Text: Jaak Kikas, UT Institute of Physics, Tartu
Photos: Jaak Kikas and Wikimedia
Translation: Liis
 
Photo 1. Ruprecht Pfalzgraf bei Rhein, Herzog von Bayern (painting by unknown artist).
 
Prince Rupert of Bavaria (Ruprecht Pfalzgraf bei Rhein, Herzog von Bayern, Photo 1), who lived in the years 1619-1682, was a man of many talents. He sometimes entertained his friends with a trick that is still connected with his name. If the drop of molten glass that forms at the tip of a glass rod on heating it, is allowed to fall into water, it usually fractures from the internal stresses set up by the rapid and uneven cooling. But some drops remain whole – they have a streamline-shaped head ending in a long, thin tail (Photos 2, 3).
 
Photo 2. Prince Rupert’s drop – a drop of molten glass dropped into water.
 
Foto 3. Prince Rupert’s drops viewed through crossed polarizers – the optical anisotropy caused by mechanical internal stresses makes them visible; the method is known as photoelasticity.
 
Such “Printce Rupert´s drops” are much tougher than ordinary glass and can take even a hammer blow. But when the thin tail is broken off from the drop, it shatters explosively into tiny glass fragments.

The same phenomenon is the basis of a technology that has many and profitable uses today, and is known as glass tempering. Glass as a material has a number of useful properties, and is theoretically very strong. In practice the situation is less rosy. The strength of freshly drawn glass fibres may exceed that of steel wire, but for larger glass objects (e g glass plates) it is considerably lower. Glass is particularly bad at withstanding tensile stress (stretching). The cause is the ever-present defects in the glass surface, such as microcracks. On straining, particularly high stress is concentrated to the tip of this crack and the crack may begin to propagate. Because of the particular structure of glass (as different from for instance polycrystalline metals) there is nothing to stop the propagation of such a crack, and the process ends with the fracture of the glass object. It is obvious that the larger the glass object, the greater the probability that somewhere on the surface is a defect that will prove to be fatal. This also explains the strength of glass fibres with a flame-treated surface.

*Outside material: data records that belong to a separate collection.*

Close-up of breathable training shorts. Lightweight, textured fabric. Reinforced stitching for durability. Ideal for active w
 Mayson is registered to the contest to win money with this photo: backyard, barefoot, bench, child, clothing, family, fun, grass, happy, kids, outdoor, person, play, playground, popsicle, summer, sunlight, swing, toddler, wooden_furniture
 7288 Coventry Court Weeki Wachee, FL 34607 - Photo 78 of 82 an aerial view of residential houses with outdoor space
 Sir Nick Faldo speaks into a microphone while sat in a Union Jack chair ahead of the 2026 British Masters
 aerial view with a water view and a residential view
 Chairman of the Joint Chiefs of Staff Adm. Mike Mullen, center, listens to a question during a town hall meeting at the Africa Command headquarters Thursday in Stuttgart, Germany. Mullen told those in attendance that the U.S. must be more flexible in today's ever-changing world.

How is glass tempering carried out and why does it make glass stronger? To temper plate glass, it is heated to a temperature above 600 °C, where the glass softens, and is then rapidly cooled by blowing cold air over both surfaces of the glass plate. The first to cool and become rigid are the surfaces of the plate, while the hotter interior layers of the plate are still comparatively soft. Then the interior of the glass also starts to cool and in doing so shrinks, attempting to contract the outer surface layers. Since they however already are solid and rigid this causes strong compressive stress forces in the surface layers. It is those that make the glass stronger. For a tensile stress to become dangerous for the glass it must in the first place exceed the compressive forces in the surface layers. The glass fractures only when the total stress (the sum of the stress caused by the external force and the counteracting interior stress, with opposing sign) exceeds a critical value. Tempering glass raises its strength by about a factor 5. Tempered glass withstands hammer blows and it can tolerate quite substantial bending (Photo 4)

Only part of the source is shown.